Shareholders will receive $24.25 per share, which is a premium of approximately 42 percent compared to its share price on March 18, as per Nordstrom’s press release. That’s the last day the stock was traded prior to news spreading that it may go private.
Its shares currently trade on the New York Stock Exchange.
The retailer’s $2.7 billion in debt will remain outstanding.
At the close of the transaction, the Nordstrom family will have a majority ownership stake in the company with 50.1 percent owned by the family and 49.9 percent owned by Liverpool.

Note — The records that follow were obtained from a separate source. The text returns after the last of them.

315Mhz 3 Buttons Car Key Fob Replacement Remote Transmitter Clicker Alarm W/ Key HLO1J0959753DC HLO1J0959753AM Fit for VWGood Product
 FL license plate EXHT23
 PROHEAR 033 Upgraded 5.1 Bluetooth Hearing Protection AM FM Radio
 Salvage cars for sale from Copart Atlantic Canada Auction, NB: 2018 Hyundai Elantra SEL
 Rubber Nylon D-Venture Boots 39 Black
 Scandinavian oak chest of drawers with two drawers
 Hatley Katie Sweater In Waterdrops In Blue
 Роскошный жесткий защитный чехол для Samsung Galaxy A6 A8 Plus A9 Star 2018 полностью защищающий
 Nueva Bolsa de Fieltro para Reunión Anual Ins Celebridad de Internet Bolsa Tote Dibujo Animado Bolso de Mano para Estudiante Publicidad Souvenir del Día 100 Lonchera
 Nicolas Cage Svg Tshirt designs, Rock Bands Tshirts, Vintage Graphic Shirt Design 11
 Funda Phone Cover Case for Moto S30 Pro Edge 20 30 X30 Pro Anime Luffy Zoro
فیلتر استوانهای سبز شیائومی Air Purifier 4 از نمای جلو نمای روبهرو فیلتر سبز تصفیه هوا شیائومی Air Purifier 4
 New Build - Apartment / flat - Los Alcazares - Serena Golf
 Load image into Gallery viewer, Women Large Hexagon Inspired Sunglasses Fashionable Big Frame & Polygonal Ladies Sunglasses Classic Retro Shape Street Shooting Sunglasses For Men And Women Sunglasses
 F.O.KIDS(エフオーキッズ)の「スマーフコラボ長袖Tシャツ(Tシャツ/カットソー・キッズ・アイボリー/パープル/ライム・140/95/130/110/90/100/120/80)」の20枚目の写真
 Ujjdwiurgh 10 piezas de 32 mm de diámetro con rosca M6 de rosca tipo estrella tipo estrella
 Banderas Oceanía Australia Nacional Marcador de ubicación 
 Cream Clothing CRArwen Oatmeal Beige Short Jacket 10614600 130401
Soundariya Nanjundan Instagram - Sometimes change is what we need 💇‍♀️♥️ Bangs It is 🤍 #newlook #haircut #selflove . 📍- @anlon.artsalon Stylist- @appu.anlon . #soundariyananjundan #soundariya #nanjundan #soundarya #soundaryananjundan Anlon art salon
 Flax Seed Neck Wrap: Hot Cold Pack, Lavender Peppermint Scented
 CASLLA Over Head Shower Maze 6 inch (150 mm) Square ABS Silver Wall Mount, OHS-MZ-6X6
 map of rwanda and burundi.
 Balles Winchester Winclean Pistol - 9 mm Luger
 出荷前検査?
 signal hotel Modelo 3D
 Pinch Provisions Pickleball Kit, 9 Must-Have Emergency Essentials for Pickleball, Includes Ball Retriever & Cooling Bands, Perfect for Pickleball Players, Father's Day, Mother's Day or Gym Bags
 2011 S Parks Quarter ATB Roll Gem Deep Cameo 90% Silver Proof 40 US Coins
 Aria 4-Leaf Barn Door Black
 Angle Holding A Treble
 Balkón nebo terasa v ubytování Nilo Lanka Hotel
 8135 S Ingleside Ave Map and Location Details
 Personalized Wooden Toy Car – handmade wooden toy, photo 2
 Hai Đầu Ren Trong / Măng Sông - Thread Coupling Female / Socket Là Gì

“We're grateful to the employees, customers and shareholders who have shaped Nordstrom into the company it is today,” said Pete Nordstrom, chief brand officer of Nordstrom.
“Since our founding in 1901, we have been committed to providing our customers with the best possible service and to improving it every day. We look forward to building on that commitment in this next phase of the company's evolution.”
The retailer’s board of directors, minus Erik and Pete Nordstrom who had recused themselves, unanimously approved the transaction following the unanimous recommendation of a special committee of independent and disinterested directors.
“Following a rigorous and independent evaluation and consultation with outside financial and legal advisors, the special committee unanimously concluded that this transaction offers greater value for all public shareholders at a significant premium to the unaffected share price,” said Eric Sprunk, chairman of the special committee.
The board will also authorize a special dividend of up to 25 cents per share when the transaction is complete.
The transaction is expected to close in the first half of 2025, subject to regulatory and other conditions.
It requires the approval of holders of two-thirds of the company's common stock and the holders of a majority of the shares of the company not owned by the Nordstrom Family or Liverpool or their respective affiliates and the company's directors and Section 16 officers.
The transaction will be financed through a combination of rollover equity by the Nordstrom Family and Liverpool, cash commitments by Liverpool, up to $450 million in borrowings under a new $1.2 billion bank financing agreement, and the company’s cash on hand.
“For over a century, Nordstrom has operated with a foundational principle of helping customers feel good and look their best,” said Erik Nordstrom, CEO of Nordstrom.
“Today marks an exciting new chapter for the business. On behalf of my family, we look forward to working with our teams to ensure Nordstrom thrives long into the future.”
Nordstrom ranked No. 12 on National Jeweler’s 2024 “$100 Millon Supersellers” list, with an estimated $533 million in jewelry and watch sales in 2023.
Fellow retailer Macy’s had also been in talks to go private, but ultimately ended the buyout talks this past summer, while HBC, the parent company of Saks Fifth Avenue, entered into an agreement in July to acquire Neiman Marcus Group, which owns Neiman Marcus and Bergdorf Goodman.